2577 sayılı İdarî Yargılama Usûlü Kanunu’nun 2/1-a maddesinde; “idarî işlemlerin yetki, şekil, sebep, konu ve maksat unsurlarından biri yönünden hukuka aykırı olduğu iddiasıyla, menfaatleri ihlâl edilenler tarafından açılan iptal davaları” idarî dava türleri arasında sayılmış, 14/3-d maddesinde; idarî dava dilekçelerinin “İdarî davaya konu olacak kesin ve yürütülmesi gereken bir işlem olup olmadığı” yönünden inceleneceği, 15/1-b maddesinde ise; kesin ve yürütülmesi gerekli olmayan işlemlere karşı açılan davaların reddedileceği hükme bağlanmıştır.
Anılan Kanun’un 2. maddesinde tanımlanan iptal davalarına, kişilerin hukuksal durumlarında değişiklik meydana getiren kesin ve yürütülmesi zorunlu idari işlemler konu edilir.
Kesin ve yürütülmesi zorunlu, idari davaya konu edilebilecek işlem, idari makamların kamu gücü ve kudreti ile hareket ederek, idare işlevine (veya idare hukuku alanına) ilişkin olarak yaptıkları ve çeşitli hak ve/veya yükümlülükler doğuran tek yanlı irade açıklamaları olarak tanımlanmaktadır.
Bu tanıma göre idari bir işlemin öncelikle idari bir makam tarafından idare işlevine (idare hukuku alanına) ilişkin olarak tesis edilmesi gerekmektedir.
Ceza soruşturmasının başlangıcını oluşturan “soruşturma izni”; Türk Ceza Kanunu’na göre suç teşkil eden bir eylemin işlendiğine ilişkin iddianın soruşturulması ya da soruşturulmaması sonucun doğuran bir işlemdir. Bir suç isnadının söz konusu olduğu durumda iddiaların soruşturmaya konu edilmesi ya da edilmemesi, ceza yargılamasına yönelik bir takdirin kullanılmasıdır. Yetkili makam takdirini kullanırken isnadın niteliğini, faaliyetin yürütülmesinden kaynaklanan eylemin suç teşkil edip etmediğini, kanıtların mevcudiyetini ve hukuken geçerliliğini göz önünde bulundurur. Bu noktada, yetkili makamın konuya ilişkin takdirinin idari görev kapsamında olmadığı anlaşılmakla, ceza yargılamasının bir aşaması olduğu sonucuna ulaşılan bu işlemlere karşı idari yargıda dava açılmasına olanak bulunmamaktadır.

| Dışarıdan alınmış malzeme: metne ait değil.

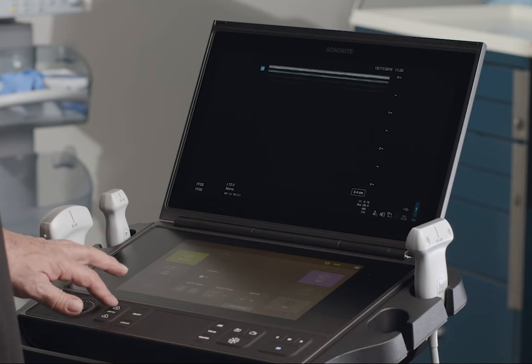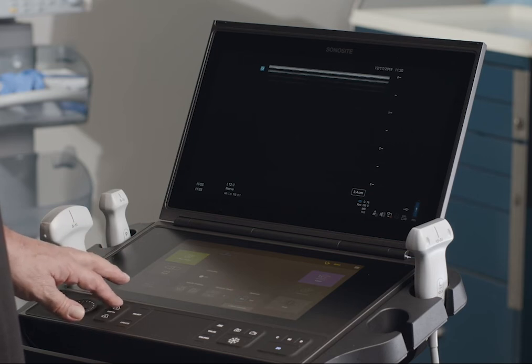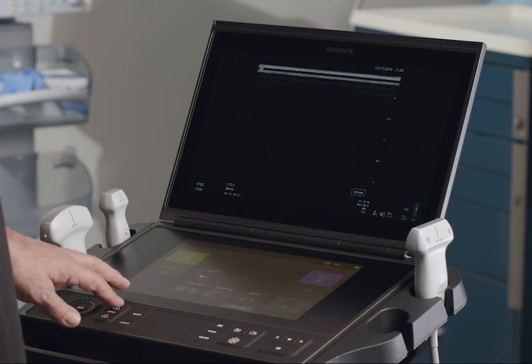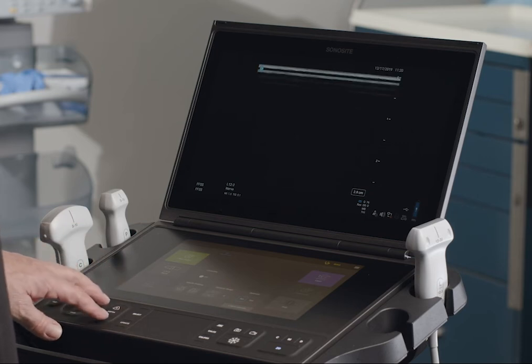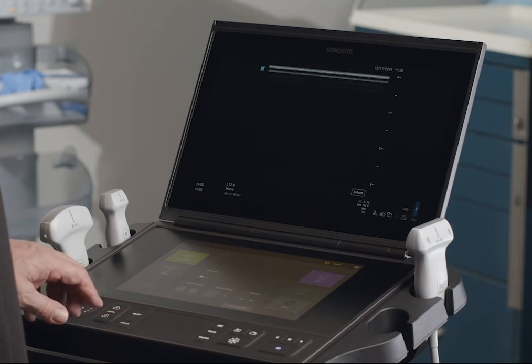Press the Upper Depth Control to decrease the displayed depth. Press the Lower Depth Control to increase the displayed depth.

Bu durumda, dava konusu işlemin idari davaya konu olabilecek nitelikte bir idari işlem olmadığı anlaşılmakla Adalet Bakanı tarafından tesis edilmiş ve yargısal sürece ilişkin bir işlem olan dava konusu işlemin herhangi bir yargı düzeninde incelenme olanağı bulunmadığı da dikkate alındığında, davanın incelenmeksizin reddine karar verilmesi gerekirken, esastan incelenerek davanın reddine dair verilen İdare Mahkemesi kararında hukuka uyarlık bulunmadığı oyuyla Dairemiz kararına katılmıyorum.